━━━━━ INFORMATION SHOWN ━━━━━

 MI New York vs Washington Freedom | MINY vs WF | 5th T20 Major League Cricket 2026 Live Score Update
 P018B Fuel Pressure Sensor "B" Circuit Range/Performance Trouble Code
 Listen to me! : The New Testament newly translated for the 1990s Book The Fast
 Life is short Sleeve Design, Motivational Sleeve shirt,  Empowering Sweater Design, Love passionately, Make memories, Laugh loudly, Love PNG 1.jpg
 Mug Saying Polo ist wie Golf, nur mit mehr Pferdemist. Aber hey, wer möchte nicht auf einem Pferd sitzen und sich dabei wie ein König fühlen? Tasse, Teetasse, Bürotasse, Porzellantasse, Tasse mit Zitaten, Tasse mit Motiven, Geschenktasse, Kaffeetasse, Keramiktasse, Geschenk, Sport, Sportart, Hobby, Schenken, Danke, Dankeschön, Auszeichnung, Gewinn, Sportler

━━━━━

(YOUR ASSIGNMENT)
The material above should be retyped in full, exactly as given.

(REPLY TO THE TASK)
 MI New York vs Washington Freedom | MINY vs WF | 5th T20 Major League Cricket 2026 Live Score Update
 P018B Fuel Pressure Sensor "B" Circuit Range/Performance Trouble Code
 Listen to me! : The New Testament newly translated for the 1990s Book The Fast
 Life is short Sleeve Design, Motivational Sleeve shirt,  Empowering Sweater Design, Love passionately, Make memories, Laugh loudly, Love PNG 1.jpg
 Mug Saying Polo ist wie Golf, nur mit mehr Pferdemist. Aber hey, wer möchte nicht auf einem Pferd sitzen und sich dabei wie ein König fühlen? Tasse, Teetasse, Bürotasse, Porzellantasse, Tasse mit Zitaten, Tasse mit Motiven, Geschenktasse, Kaffeetasse, Keramiktasse, Geschenk, Sport, Sportart, Hobby, Schenken, Danke, Dankeschön, Auszeichnung, Gewinn, Sportler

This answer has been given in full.